Kaum Sufi adalah Ahlul Haqiqah, bukan Ahlur Rusum. Hakikat itu sendiri baru bisa diraih ketika dua tahapan sebelumnya (takhalli dan tahalli) betul-betul berhasil dilalui. Seorang Salik yang berhasil melewati proses takhalli dan tahalli maka ia akan memasuki tahapan akhir, tajalli. Ibnu Arabi mendefinisikan Tajalli ini sebagai ma yankasyifu lil qulub min anwaril ghuyub, bentuk ketersingkapan hati manusia karena mendapatkan pancaran cahaya-cahaya gaib (Ibnu Arabi, Kitab al-Tajalliyat, 2004). Ibnu Arabi sendiri dalam kitab at-Tajalliyat membahas secara terperinci macam-macam Tajalli yang bahkan lebih dari seratus macam itu.
Salah satu yang penting dibicarakan adalah Tajalli Syuhudi, yakni zhuhurul haqq bi asma’ihi fil akwan allati hiya shuwaruha, penampakan kebenaran Tuhan (Haqq) melalui nama-nama-Nya di dalam alam semesta yang sekaligus sebagai bentuk wadag dari nama-nama tersebut (Mawlawy Muhammad, Kasyf Isthilahat al-Funun, 1/269-270).
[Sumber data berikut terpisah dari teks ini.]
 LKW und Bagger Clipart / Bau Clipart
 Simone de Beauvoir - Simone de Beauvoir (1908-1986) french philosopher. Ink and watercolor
Artinya, seluruh alam semesta adalah nama-nama Allah Swt. Tidak satupun butiran atom yang terbebas dari nama-nama Allah swt.
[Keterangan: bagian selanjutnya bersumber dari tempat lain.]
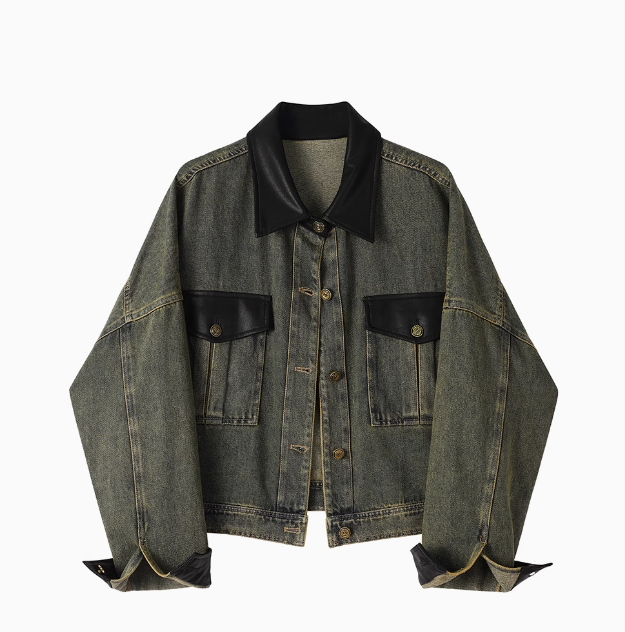 Retro Splicing Denim Short Jacket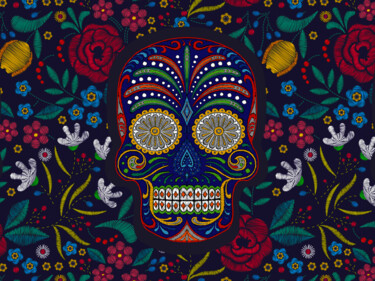 Malarstwo zatytułowany „Rubino Floral Skull” autorstwa Tony Rubino, Oryginalna praca, Akryl Zamontowany na Drewniana rama no…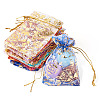 55Pcs 11 Colors Rose Printed Organza Drawstring Bags OP-TA0001-15C-2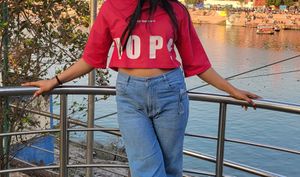Pink Graphic Crop Top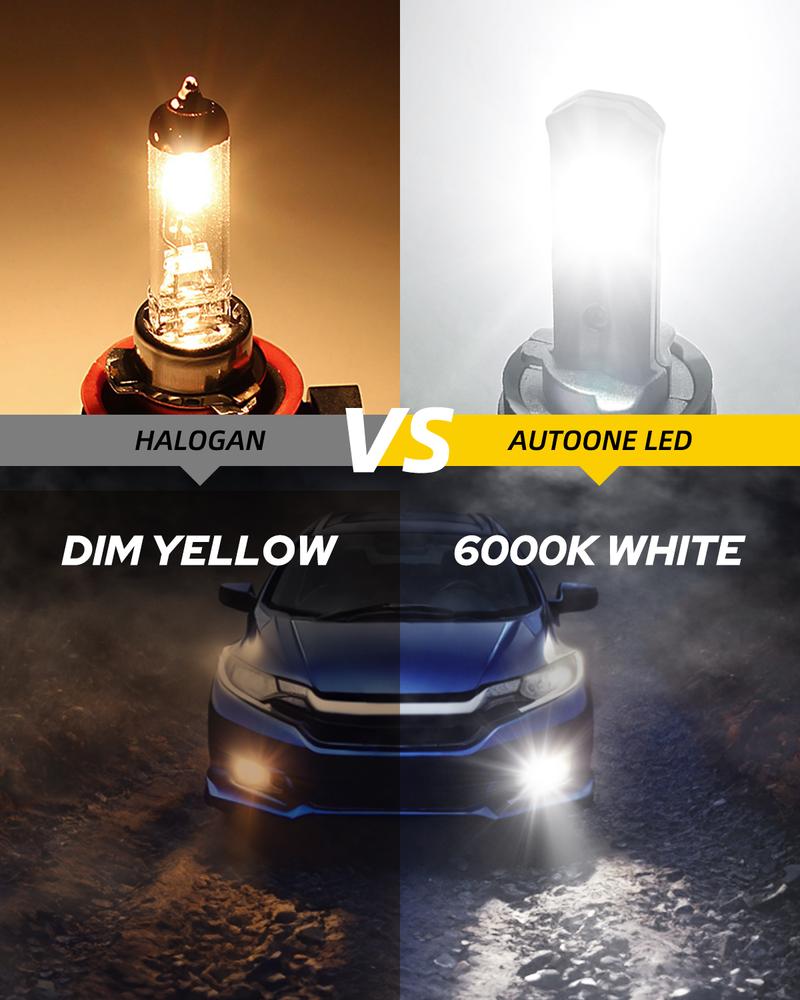 AUTOONE H8 H9 H11 Light Bulbs, Direct H11 Replacement 16000LM Head/Fog, Plug-and-Play, Fanless Mini Size, Pack of 2 AUTOONE H8 H9 H11 Light Bulbs, Direct H11 Replacement 16000LM Head/Fog, Plug-and-Play, Fanless Mini Size, Pack of 2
Kesadaran tertinggi semacam itu (tajalli) baru bisa diraih ketika seseorang berhasil melewati dua terminal sebelumnya, takhalli dan tahalli. Sebaliknya, kita tidak dapat menerima ada seseorang yang mengatasnamakan Tuhan, membela agama Tuhan, namun pada saat bersamaan, pikirannya, ucapannya, dan perbuatannya jauh sekali dari moral-moral agama, tidak sesuai dengan keteladanan Nabi Muhammad dan syariat Islam. Apalagi secara sosial-politik, tindak tanduk dan sepak terjangnya merugikan rakyat dan umat, pemerintahan dan negara, serta merusak citra positif agama Islam. Naudzubillah min dzalik.
*Pengasuh Pondok Pesantren Bina Insan Mulia Cirebon.